REQUIRED WORK:
Please take the lines from the one holding "Avenue firenze rond" through the one holding "Coconut Riding A Unicorn" in the data below and copy them exactly.

=-=-=-=-=

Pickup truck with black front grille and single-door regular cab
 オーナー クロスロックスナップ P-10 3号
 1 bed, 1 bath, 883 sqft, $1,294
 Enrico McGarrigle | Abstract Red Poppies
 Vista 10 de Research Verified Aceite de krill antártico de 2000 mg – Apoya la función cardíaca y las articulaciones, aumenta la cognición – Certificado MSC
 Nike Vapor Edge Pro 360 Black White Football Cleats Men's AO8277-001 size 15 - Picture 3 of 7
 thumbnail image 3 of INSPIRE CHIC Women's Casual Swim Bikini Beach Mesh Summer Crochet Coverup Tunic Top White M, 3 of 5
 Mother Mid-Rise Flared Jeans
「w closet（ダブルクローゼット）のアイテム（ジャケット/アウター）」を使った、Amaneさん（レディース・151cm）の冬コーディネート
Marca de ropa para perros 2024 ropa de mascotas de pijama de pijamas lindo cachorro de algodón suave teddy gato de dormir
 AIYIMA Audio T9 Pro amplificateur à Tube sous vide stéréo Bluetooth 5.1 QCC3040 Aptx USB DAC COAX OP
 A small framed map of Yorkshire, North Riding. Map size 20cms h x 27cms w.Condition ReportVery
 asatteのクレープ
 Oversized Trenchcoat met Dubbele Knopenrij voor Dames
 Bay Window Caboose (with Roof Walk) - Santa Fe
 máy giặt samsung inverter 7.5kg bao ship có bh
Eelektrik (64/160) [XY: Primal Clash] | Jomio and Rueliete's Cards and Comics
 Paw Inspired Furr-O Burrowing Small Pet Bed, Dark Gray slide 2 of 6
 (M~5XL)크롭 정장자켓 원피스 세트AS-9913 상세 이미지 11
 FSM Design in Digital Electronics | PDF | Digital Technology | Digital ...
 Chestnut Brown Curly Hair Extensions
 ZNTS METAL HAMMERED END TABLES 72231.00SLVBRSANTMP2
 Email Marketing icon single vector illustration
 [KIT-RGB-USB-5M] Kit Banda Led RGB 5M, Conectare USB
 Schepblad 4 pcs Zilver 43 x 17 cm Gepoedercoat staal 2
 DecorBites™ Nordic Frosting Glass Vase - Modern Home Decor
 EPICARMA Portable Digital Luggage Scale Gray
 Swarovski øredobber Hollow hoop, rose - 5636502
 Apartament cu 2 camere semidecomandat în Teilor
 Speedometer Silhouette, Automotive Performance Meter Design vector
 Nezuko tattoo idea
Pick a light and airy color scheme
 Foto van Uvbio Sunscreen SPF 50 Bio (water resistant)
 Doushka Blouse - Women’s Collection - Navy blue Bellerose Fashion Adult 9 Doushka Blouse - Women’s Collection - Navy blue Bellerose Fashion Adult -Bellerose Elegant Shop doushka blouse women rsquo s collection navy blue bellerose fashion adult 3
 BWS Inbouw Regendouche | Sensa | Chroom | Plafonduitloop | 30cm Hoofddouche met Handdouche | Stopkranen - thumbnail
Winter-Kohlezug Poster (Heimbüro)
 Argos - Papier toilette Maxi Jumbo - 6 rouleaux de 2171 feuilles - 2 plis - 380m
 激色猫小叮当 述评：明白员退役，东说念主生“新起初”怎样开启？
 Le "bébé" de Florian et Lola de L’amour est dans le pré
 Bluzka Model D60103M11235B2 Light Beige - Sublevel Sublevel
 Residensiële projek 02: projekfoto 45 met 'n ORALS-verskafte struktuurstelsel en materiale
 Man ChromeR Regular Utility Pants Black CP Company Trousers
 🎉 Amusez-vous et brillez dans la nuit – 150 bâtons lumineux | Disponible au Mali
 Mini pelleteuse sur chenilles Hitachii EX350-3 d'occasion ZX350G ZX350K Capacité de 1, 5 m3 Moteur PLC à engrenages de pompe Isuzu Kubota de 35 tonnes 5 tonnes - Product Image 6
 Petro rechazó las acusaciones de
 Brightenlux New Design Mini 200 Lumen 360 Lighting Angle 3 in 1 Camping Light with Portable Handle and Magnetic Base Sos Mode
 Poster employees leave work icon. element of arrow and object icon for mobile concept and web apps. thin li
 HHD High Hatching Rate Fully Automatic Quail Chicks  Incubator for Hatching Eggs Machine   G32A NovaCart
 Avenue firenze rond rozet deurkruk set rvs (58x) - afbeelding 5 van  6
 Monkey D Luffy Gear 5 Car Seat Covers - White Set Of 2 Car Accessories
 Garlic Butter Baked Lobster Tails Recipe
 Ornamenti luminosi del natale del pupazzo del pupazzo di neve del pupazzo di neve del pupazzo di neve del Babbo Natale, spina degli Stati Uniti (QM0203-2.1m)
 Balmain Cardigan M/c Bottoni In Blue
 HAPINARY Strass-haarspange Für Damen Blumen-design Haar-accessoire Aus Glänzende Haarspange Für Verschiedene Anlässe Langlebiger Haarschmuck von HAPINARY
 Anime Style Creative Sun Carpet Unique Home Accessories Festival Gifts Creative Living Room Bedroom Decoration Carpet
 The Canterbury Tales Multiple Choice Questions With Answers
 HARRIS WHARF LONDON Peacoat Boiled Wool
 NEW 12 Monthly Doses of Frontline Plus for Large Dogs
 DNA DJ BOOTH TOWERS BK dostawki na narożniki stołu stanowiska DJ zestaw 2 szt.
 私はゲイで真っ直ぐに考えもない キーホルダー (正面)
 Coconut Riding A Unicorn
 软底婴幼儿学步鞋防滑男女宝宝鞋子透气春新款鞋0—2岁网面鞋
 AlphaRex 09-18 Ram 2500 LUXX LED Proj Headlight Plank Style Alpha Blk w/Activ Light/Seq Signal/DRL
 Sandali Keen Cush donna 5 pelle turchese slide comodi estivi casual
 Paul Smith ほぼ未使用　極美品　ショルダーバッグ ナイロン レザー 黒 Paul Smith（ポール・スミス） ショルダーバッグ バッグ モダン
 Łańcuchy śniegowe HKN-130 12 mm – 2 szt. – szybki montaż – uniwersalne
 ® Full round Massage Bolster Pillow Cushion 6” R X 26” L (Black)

=-=-=-=-=

FINISHED TASK:
 Avenue firenze rond rozet deurkruk set rvs (58x) - afbeelding 5 van  6
 Monkey D Luffy Gear 5 Car Seat Covers - White Set Of 2 Car Accessories
 Garlic Butter Baked Lobster Tails Recipe
 Ornamenti luminosi del natale del pupazzo del pupazzo di neve del pupazzo di neve del pupazzo di neve del Babbo Natale, spina degli Stati Uniti (QM0203-2.1m)
 Balmain Cardigan M/c Bottoni In Blue
 HAPINARY Strass-haarspange Für Damen Blumen-design Haar-accessoire Aus Glänzende Haarspange Für Verschiedene Anlässe Langlebiger Haarschmuck von HAPINARY
 Anime Style Creative Sun Carpet Unique Home Accessories Festival Gifts Creative Living Room Bedroom Decoration Carpet
 The Canterbury Tales Multiple Choice Questions With Answers
 HARRIS WHARF LONDON Peacoat Boiled Wool
 NEW 12 Monthly Doses of Frontline Plus for Large Dogs
 DNA DJ BOOTH TOWERS BK dostawki na narożniki stołu stanowiska DJ zestaw 2 szt.
 私はゲイで真っ直ぐに考えもない キーホルダー (正面)
 Coconut Riding A Unicorn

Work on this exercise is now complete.